AHONDAR EN NUESTRA CONVERSIÓN

AHONDAR EN NUESTRA CONVERSIÓN

  
En la primera lectura, tomada del Libro de la consolación de Isaías, se anuncia al pueblo de Israel, cautivo y desterrado en Babilonia, el final de la opresión. Dios, que en el Éxodo le abrió caminos en el mar, está presto a hacer nuevos prodigios, a aflorar agua en el desierto y ríos en el yermo, a brindar a su pueblo la salvación, la libertad y la alegría, que en la segunda lectura cifra San Pablo en el conocimiento de Cristo y en la adhesión a su persona. Porque todo lo demás es pérdida, es preciso desprendernos de los lastres que impiden el seguimiento de Cristo, volando hacia la meta ligeros de equipaje para ganar el premio.

 

Urge, pues, que en el final de la Cuaresma intensifiquemos nuestra conversión, nuestra vuelta al Señor con todo lo que somos y tenemos, entendimiento y voluntad, afectos y sentimientos, opciones y compromisos. Urge que rompamos con el pecado que nos atenaza y roba nuestra libertad, y que aligeremos nuestra carga de toda adherencia terrena, nuestros miedos y cobardías, nuestras ataduras y apegos, nuestras claudicaciones y pecados. Todo es nada en comparación con la grandeza de una vida en comunión con el Señor, pues con Él, como nos dice San Pablo, todo es ganancia.

 

 El Evangelio nos narra la acogida que dispensa Jesús a la mujer adúltera. La ley judía castigaba el adulterio con la muerte. Los fariseos pretenden que el Señor condene a la mujer, pero Él rehúsa condenarla. La mirada de Jesús no se queda en lo exterior, sino que va al corazón. Ante Él no valen fingimientos. Los fariseos que acusan a la mujer son pecadores e hipócritas, mientras la mujer adúltera es una pecadora arrepentida. Los humildes de corazón, los que sinceramente se arrepienten y confiesan su pecado, ganan el corazón misericordioso de Dios y reciben su perdón.

 

La conversión, el abandono de los ídolos y el arrepentimiento de nuestros pecados inicia en nosotros una vida diferente, configurada por la fe en Jesucristo, su seguimiento, el amor y la obediencia.
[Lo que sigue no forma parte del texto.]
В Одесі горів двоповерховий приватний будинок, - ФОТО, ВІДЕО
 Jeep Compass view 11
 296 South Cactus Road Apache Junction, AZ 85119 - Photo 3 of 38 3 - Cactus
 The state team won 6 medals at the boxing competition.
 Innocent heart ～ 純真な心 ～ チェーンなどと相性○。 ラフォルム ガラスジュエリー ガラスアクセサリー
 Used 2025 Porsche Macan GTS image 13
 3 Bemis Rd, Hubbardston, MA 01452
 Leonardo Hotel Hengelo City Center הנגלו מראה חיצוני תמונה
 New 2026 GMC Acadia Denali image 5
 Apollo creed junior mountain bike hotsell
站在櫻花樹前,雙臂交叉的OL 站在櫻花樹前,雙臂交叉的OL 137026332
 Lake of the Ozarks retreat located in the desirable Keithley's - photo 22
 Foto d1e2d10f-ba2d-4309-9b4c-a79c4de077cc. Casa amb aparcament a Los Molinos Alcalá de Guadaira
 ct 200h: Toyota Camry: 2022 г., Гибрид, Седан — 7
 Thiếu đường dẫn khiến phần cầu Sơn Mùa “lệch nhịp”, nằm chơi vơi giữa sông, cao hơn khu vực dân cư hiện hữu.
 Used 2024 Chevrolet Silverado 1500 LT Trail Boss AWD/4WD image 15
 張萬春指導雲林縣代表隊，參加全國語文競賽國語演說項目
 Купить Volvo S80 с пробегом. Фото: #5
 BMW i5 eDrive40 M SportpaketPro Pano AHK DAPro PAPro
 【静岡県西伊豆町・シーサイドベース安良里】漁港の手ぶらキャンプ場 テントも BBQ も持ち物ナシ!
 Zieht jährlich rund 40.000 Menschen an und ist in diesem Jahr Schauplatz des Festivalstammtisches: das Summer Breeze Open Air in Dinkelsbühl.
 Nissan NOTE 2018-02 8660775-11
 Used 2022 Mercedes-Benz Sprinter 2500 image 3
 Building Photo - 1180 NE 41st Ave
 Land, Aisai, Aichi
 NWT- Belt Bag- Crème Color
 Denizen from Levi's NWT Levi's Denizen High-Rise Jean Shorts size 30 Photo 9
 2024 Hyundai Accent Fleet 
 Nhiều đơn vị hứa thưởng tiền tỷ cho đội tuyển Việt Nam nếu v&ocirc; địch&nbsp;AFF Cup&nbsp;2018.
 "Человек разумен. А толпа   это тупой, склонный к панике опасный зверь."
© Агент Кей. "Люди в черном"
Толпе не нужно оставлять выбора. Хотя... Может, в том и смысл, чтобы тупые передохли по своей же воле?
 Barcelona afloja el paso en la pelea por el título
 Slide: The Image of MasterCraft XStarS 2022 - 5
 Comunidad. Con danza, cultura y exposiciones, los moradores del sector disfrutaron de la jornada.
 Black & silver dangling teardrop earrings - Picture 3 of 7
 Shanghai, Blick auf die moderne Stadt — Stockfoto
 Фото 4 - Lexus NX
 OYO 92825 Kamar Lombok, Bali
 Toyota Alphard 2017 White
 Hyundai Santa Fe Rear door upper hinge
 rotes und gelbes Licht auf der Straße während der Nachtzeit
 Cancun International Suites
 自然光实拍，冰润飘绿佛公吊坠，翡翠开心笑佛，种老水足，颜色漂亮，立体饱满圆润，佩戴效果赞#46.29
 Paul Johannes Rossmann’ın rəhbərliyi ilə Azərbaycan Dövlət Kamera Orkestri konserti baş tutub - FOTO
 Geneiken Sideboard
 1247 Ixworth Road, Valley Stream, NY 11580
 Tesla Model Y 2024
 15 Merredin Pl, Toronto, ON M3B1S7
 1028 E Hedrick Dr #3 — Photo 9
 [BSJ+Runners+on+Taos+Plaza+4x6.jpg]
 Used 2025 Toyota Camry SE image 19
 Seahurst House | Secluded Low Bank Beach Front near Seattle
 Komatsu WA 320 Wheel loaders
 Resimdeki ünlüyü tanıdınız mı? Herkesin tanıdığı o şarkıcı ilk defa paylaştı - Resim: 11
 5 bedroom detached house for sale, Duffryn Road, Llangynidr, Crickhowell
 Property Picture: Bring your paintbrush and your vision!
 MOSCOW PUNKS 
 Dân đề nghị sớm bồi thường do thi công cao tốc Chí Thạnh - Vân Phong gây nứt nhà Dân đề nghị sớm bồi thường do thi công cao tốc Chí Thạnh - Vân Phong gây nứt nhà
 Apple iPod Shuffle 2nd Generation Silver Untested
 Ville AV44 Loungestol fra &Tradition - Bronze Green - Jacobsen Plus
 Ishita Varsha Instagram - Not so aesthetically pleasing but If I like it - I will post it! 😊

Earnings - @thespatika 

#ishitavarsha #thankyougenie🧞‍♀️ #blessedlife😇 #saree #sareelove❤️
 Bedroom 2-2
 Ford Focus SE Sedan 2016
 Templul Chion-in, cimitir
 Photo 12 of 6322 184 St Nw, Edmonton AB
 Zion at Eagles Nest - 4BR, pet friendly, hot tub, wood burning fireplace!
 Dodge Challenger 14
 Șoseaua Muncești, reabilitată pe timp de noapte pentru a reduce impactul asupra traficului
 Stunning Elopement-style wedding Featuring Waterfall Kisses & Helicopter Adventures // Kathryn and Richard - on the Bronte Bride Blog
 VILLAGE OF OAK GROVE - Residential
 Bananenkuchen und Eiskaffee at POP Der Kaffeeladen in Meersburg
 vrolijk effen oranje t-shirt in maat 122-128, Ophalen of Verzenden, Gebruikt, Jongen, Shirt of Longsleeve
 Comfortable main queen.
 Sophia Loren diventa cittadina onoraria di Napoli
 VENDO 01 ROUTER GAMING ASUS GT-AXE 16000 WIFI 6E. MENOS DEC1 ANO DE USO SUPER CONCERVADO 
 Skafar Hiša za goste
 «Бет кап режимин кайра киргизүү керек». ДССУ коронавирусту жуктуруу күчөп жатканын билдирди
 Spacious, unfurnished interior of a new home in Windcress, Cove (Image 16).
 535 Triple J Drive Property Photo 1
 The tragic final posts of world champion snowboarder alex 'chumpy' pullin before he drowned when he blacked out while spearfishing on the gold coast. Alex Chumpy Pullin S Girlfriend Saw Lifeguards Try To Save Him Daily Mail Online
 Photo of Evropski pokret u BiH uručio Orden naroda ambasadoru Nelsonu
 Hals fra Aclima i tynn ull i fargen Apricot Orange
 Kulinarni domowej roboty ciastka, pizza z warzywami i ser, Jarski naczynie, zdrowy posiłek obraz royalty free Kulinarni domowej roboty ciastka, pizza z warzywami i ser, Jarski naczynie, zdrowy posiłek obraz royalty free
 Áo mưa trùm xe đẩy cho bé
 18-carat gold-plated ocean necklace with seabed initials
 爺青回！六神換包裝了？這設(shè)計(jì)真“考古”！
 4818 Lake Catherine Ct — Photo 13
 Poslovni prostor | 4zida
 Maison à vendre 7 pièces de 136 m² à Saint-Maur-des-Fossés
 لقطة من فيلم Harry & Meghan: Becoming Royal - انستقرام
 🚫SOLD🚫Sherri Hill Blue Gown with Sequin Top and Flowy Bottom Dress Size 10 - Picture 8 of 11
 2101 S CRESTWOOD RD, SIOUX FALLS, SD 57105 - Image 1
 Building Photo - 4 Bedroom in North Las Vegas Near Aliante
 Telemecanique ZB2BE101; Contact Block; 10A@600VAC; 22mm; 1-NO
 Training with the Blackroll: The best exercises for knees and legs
De esta forma, vivir es convivir con Cristo, en la piedad y en el amor al prójimo, para alcanzar con Él los bienes de la resurrección y de la vida eterna. Todo esto es posible porque Dios está a nuestro lado regalándonos la vida nueva de su gracia, permitiendo que en el desierto de nuestro corazón corran ríos de agua viva.

 

Las lecturas de este domingo constituyen una llamada vigorosa a la conversión profunda del corazón, huyendo de la cosmética superficial y del aderezo que enmascara. En los compases finales de la Cuaresma, la Iglesia y la liturgia nos invitan a escuchar con docilidad la voz del Señor que nos llama. Confesemos nuestros pecados con humildad y verdad, con verdadero arrepentimiento y compunción del corazón. No endurezcamos nuestros corazones. El premio de la conversión es el gozo del abrazo del Padre, que nos espera y perdona siempre, y la alegría de la  vida en comunión renovada con Jesús.

 

Una tentación en el proceso de nuestra conversión es actuar como los fariseos hipócritas, que acusan a los demás y se olvidan de su miseria moral. Cada cual hemos de arrepentirnos de nuestros propios pecados, en vez de acusar a los demás, tantas veces con una falsa justicia. A Dios no le podemos engañar; su mirada va directamente al corazón.

 

Qué bueno sería que todos los cristianos de la Archidiócesis nos preparáramos para vivir la Semana Santa con una buena confesión, ejercicio supremo de humildad y verdad, sacramento de la paz, de la alegría y del reencuentro con Dios, un sacramento  que cada día hemos de apreciar más, como nos ha pedido reiteradamente en estos años el Santo Padre Benedicto XVI. En la Exhortación Apostólica Sacramentum charitatis  nos decía el Papa a los pastores que ayudemos a los fieles a recuperar el sentido del pecado, que la cultura actual ha desdibujado, “favoreciendo una actitud superficial que lleva a olvidar la necesidad de estar en gracia de Dios para acercarse dignamente a la comunión sacramental”  (n. 20).  Nos pide también que recordemos a nuestros fieles que “el pecado nunca es algo exclusivamente individual”, pues “comporta también una herida para la comunión eclesial”, aspecto este que a todos nos debería impresionar. Con nuestros pecados, en efecto, nos estamos haciendo responsables de los pecados ajenos.

 

Deseándoos que trabajéis seriamente  en vuestra conversión en los compases finales del tiempo santo de Cuaresma, para todos, mi saludo fraterno y mi bendición.